Segment Open

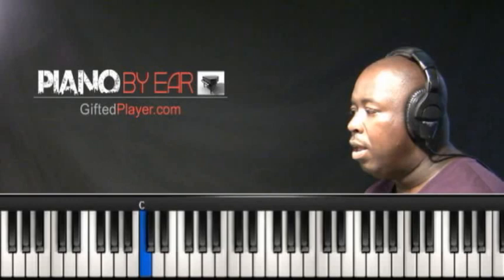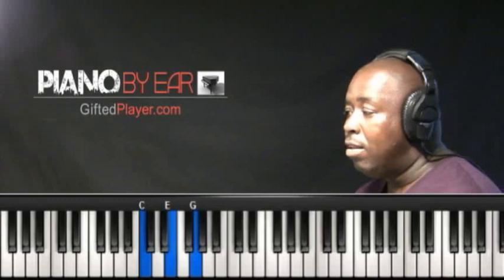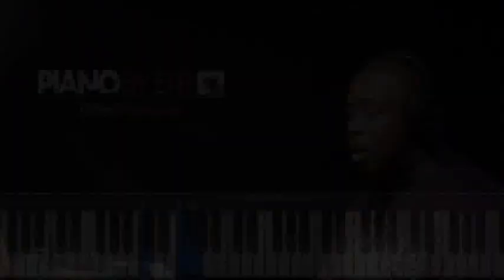A triad, as we know, the formula is 1, 3, 5. The term SUS means that you omit the third of the chord and you play the fourth. So in this case, 1, 3, 5 — my third is E. You want to omit the E and you want to play the fourth. So that becomes the sus chord, my C sus chord.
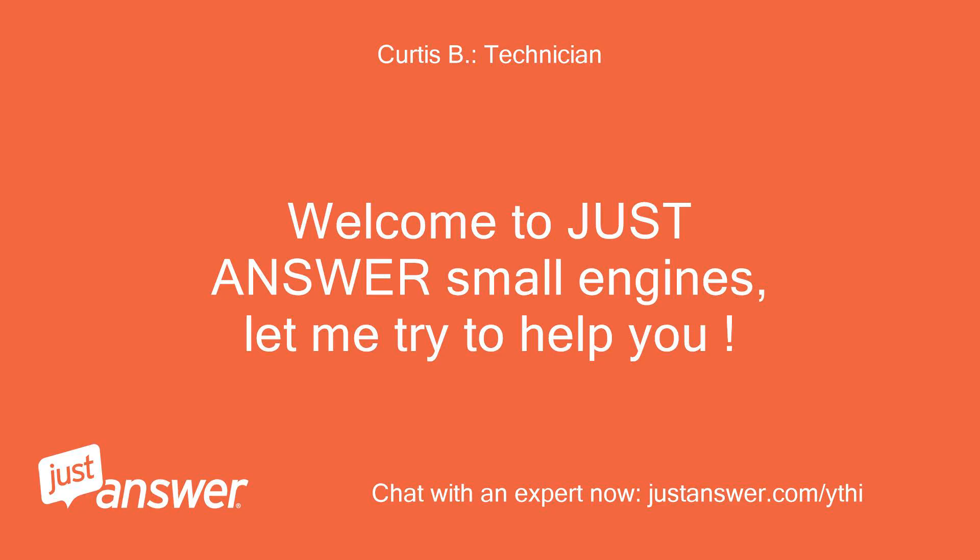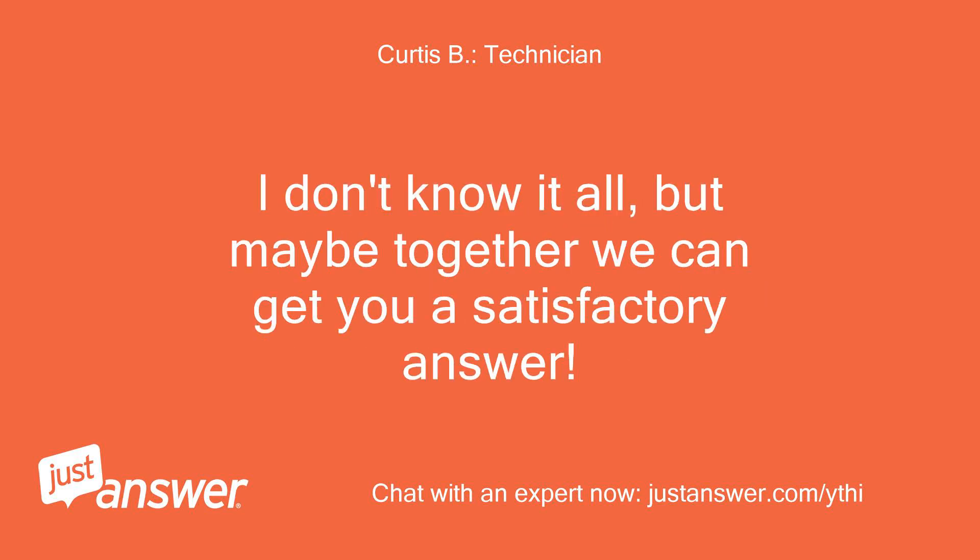Welcome to JustAnswer Small Engines, let me try to help you. I don't know at all, but maybe together we can get you a satisfactory answer.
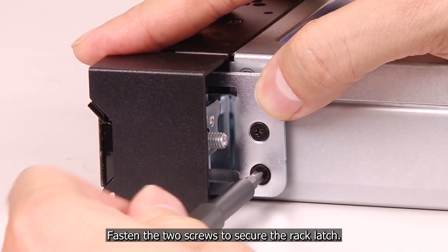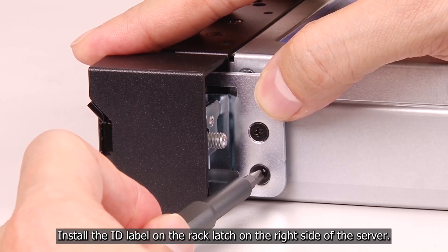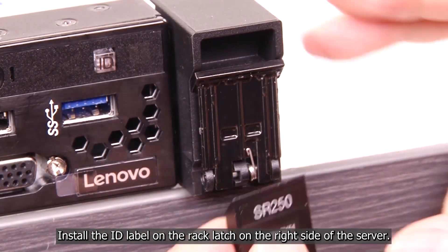Fasten the two screws to secure the rack latch. Install the ID label on the rack latch on the right side of the server.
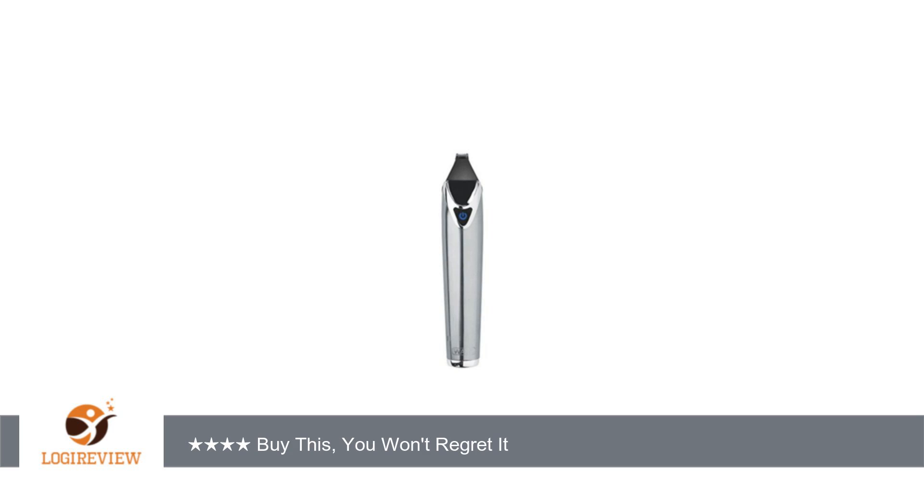The shaver fits snugly and takes up little space near the sink, without the clutter.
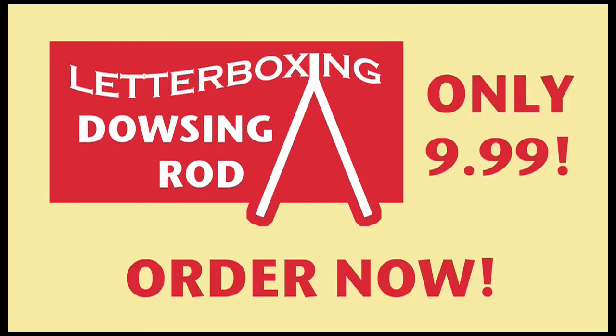So why not go from this... to this! Order today! Only $9.99 plus shipping and handling!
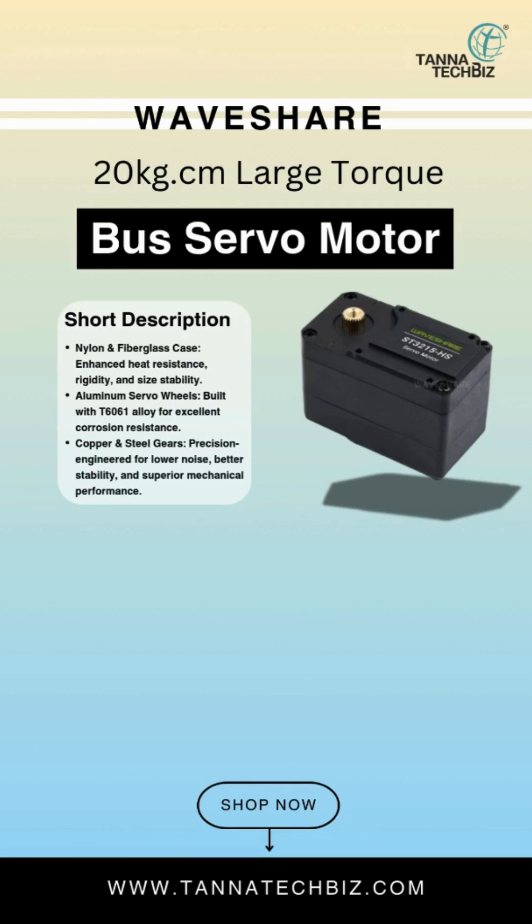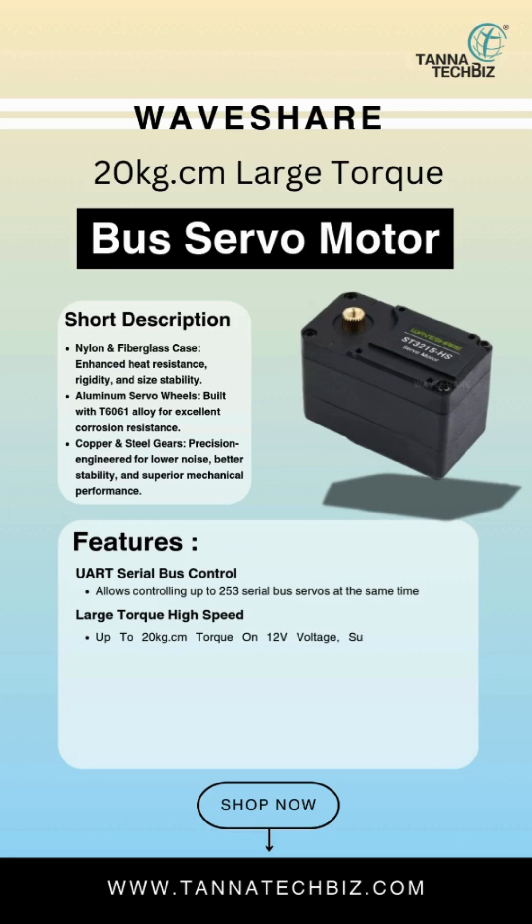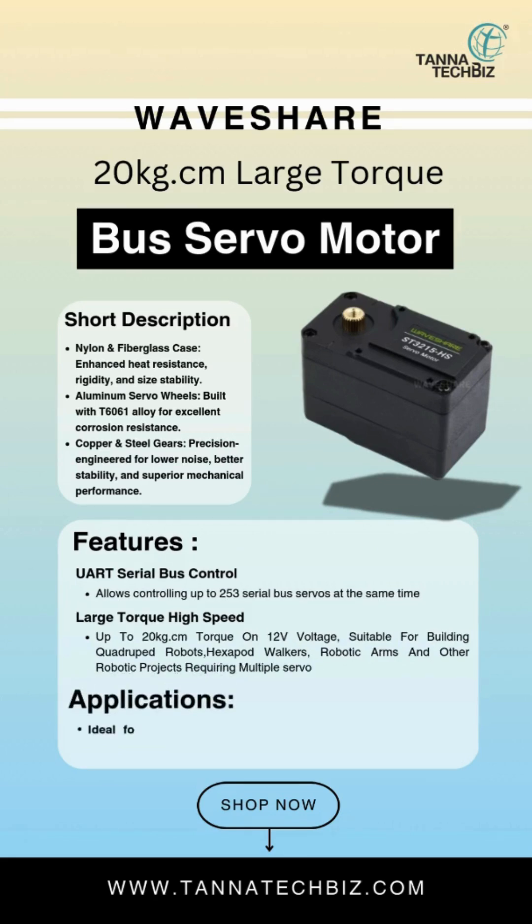Features UART serial bus control, allowing control of up to 253 serial bus servos at the same time. Large torque, high speed — up to 20kg.cm torque on 12V. Suitable for building quadruped robots, hexapod walkers, robotic arms, and other robotic projects requiring multiple servo applications. Ideal for advanced robotics and precise control projects.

Segment Closed

Quote all the records verbatim, dropping any pictures from your copy.

*TASK ANSWER*.
A triad, as we know, the formula is 1, 3, 5. The term SUS means that you omit the third of the chord and you play the fourth. So in this case, 1, 3, 5 — my third is E. You want to omit the E and you want to play the fourth. So that becomes the sus chord, my C sus chord.
Welcome to JustAnswer Small Engines, let me try to help you. I don't know at all, but maybe together we can get you a satisfactory answer.
Fasten the two screws to secure the rack latch. Install the ID label on the rack latch on the right side of the server.
The shaver fits snugly and takes up little space near the sink, without the clutter.
So why not go from this... to this! Order today! Only $9.99 plus shipping and handling!
Features UART serial bus control, allowing control of up to 253 serial bus servos at the same time. Large torque, high speed — up to 20kg.cm torque on 12V. Suitable for building quadruped robots, hexapod walkers, robotic arms, and other robotic projects requiring multiple servo applications. Ideal for advanced robotics and precise control projects.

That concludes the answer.